Bragg encouraged other women to also take flying lessons. The Challenger Flying Club grew. When not working or flying, Janet Harmon Bragg was active in politics. When our nation began to prepare for WWII, Janet was very actively promoting both black men and women for active roles in military aviation. Janet Bragg was instrumental in the U.S. Army Air Corps’ opening flight training for black pilots at five locations, including Tuskegee Institute.

Janet Harmon Bragg spent the major part of her life encouraging blacks to become active in aviation. She was an active pilot for over 35 years, earned a Commercial Pilot License and logged over 2,000 flying hours. In 1984, Bragg was honored by the University of Arizona Black Alumni Association as the first black woman to receive a commercial pilot’s license in the USA. She also was presented the Certificate of Appreciation by the FAA and was awarded the Bishop Wright Air Industry Award for her contributions to aviation by the U.S. Department of Transportation.


Gerald Brown

Arizona Aviation Hall of Fame
Enshrined 1995

Gerald Brown was born in Globe, Arizona. A veteran of two wars, he received his U.S. Army Air Force commission in 1943 and went to England with the 55th Fighter Group. Flying P-38s, he became an ace by shooting down five enemy planes and damaging another. In 1944 he bailed out of a burning P-51, evaded German capture and was picked up by the World War II French Underground. Returning to the U.S., he held several key stateside posts before entering combat in Korea.

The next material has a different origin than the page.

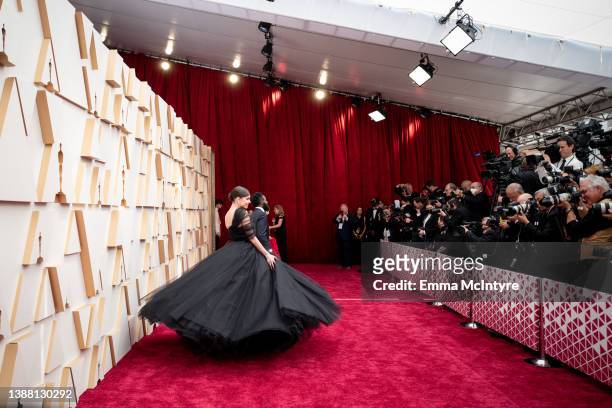 Sofia Carson attends the 94th annual Academy Awards at Hollywood and Highland on March 27, 2022 in Hollywood, California.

In November 1950 he was shot down by ground fire and held prisoner until September 1953. Later he served in France with a reconnaissance wing as operations director. Then he was sent to Washington, D.C., for a three-year tour with the Federal Aviation Administration. At the time of his retirement in 1967 he was wing commander at Luke Air Force Base, Arizona. During a distinguished Air Force career, Colonel Brown earned numerous decorations for valor, including the Distinguished Flying Cross with four clusters, Bronze Star, Legion of Merit, French Croix de Guerre and others. A former president of American Fighter Aces, he now chairs its museum foundation.